Librairie Vuibert, 2015

arton1116Semblable ouvrage sur la terre humaine devrait dissiper un mélange d’effroi (l’extinction des vivants dont les humains) et de fatalisme (six milliards d’individus sans gouvernance commune en sont plus ou moins coresponsables). Il est ni plus ni moins question d’une terre qui s’autodétruit lentement au risque de rendre toute vie impossible. Néanmoins les pages se tournent comme un roman feuilleton à épisodes, dont chaque chapitre est offert à une espèce disparue (de la grenouille au rhinocéros de Sumatra en passant par l’ammonite et la chauve-souris). Portées par l’écriture vivante la journaliste Elisabeth Kolbert nous entraîne dans l’aventure de sa quête soutenue par une traduction exigeante (Marcel Blanc). De quoi justifier le prix Pulitzer « non fiction » version 2015. « Sixième extinction » – titre d’une publication de Leakey et Lewin (évolution et catastrophe) – esquisse l’historique des ces destructions. Pour les appréhender, l’auteur remonte aux premiers constats en confrontant les connaissances scientifiques à la désolation « apocalyptique » annoncée.

Certains avaient ainsi pressenti cette grande disparition : le naturaliste Buffon, puis le fixiste Cuvier qui répertorie les fossiles des animaux disparus (énigmatique dent géante de 20 cm trouvée en Ohio). A l’inverse, l’évolutionniste Lamarck la remarque sans s’y attarder (tortue des Galapagos), dédaignant les « catastrophistes », etc. Le hasard interprétatif déjà ! Des extinctions émergent pourtant comme celle des grapholites d’Ecosse qui a eu lieu il y a 444 millions d’années (difficile à concevoir) suite à une probable glaciation. Celle d’il y a 66 millions d’années, résultant d’un bolide astéroïde qui percuta le Yucatan et engendra la disparition des dinosaures et des ammonites, est plus connue, etc.

Aujourd’hui la situation de la planète est radicalement différente. L’extinction « anthropocène » résulte de notre responsabilité d’humain(e)s. Ce nom donné par Paul Crutzen dans sa Géologie de l’humanité qualifie les effets des activités humaines, des détournements de fleuves, des surpêches, de l’usage des engrais agricoles, de la dispersion de produits chimiques dans l’ozone de l’atmosphère. Percevoir les diverses « anomalies » permet d’en tirer un paradigme, mais prend du temps ! Saisir une extinction en cours de formation, à l’échelon d’une vie humaine, relève de la prouesse. Un exemple : expliquer l’acidification des océans sur le modèle de celle de la mer tyrrhénienne près de Naples. Le Ph maximum de l’océan (7,8) s’il est dépassé (peut-être en 2100) risque de limiter la biodiversité (dont la nourriture), puis de se généraliser à tous les océans…L’acidification, qui affecte tous les métabolismes (enzymes, protéines), fait disparaître la grande barrière de corail (Australie), unique élément de la nature à chevaucher les règnes animaux, végétaux et minéraux. Des îles carrées de terre – des réserves 1202, etc.- sont crées en Amazonie pour observer la « dynamique biologique de fragments de forêts » (10ha) depuis 30 ans : assez pour constater chez les oiseaux une dégradation de la biodiversité. Ailleurs ce sont les chauves-souris qui meurent atteintes du syndrome du museau blanc, suite à un microchampignon.

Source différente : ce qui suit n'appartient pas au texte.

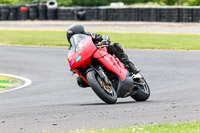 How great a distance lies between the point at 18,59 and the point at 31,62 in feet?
3.82

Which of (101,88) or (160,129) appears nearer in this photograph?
(160,129)

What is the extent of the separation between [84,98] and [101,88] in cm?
199

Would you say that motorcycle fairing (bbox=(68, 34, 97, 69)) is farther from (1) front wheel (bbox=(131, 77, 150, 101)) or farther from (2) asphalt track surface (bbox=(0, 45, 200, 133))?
(1) front wheel (bbox=(131, 77, 150, 101))

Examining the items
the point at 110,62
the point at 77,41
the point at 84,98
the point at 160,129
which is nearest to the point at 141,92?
the point at 110,62

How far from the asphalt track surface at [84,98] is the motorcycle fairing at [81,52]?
0.69m

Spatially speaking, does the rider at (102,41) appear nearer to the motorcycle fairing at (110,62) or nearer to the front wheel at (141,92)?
the motorcycle fairing at (110,62)

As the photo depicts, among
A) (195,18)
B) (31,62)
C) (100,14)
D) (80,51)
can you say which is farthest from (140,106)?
(100,14)

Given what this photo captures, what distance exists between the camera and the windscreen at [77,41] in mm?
7898

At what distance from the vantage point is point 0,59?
1836 cm

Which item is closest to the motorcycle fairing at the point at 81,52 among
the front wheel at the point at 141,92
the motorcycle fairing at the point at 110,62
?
the motorcycle fairing at the point at 110,62

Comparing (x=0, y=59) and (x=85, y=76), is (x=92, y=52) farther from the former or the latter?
(x=0, y=59)

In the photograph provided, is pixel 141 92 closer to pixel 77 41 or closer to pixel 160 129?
pixel 77 41

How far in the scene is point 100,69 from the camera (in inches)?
311

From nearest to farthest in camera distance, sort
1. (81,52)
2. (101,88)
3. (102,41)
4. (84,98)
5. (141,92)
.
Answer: (101,88), (81,52), (102,41), (141,92), (84,98) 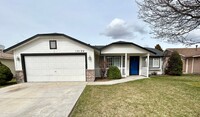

E. Kolbert s’inscrit dans sa propre quête (le « je » apprécié et facilitateur de lecture, démarche très actuelle), bondissant de son propre présent à notre propre passé. Elle s’introduit dans son reportage le rendant plus humain : elle visite le musée d’histoire naturelle, l’île d’Eldey aux pingouins, juge qu’une grenouille dorée du Panama a l’air « intelligente », que le pingouin originel est « comique » avec ses ailes sous-dimensionnés, que le grapholite ressemble à une fermeture Eclair, que des animaux excentriques ont le « style Lady Gaga », décrit Cuvier comme ayant un tempérament à « éruption »… Un récit dédramatisé en quelque sorte qui affirme pourtant que les hommes sont leur propre cataclysme ! … Jusqu’aux dernières lignes où il est clairement précisé que nous décidons aujourd’hui des « voies évolutives » qui s’ouvriront ou se « fermeront à jamais ». De façon plus lapidaire, cela signifie que ce sont peut-être « les rats géants » qui hériteront de la terre !!!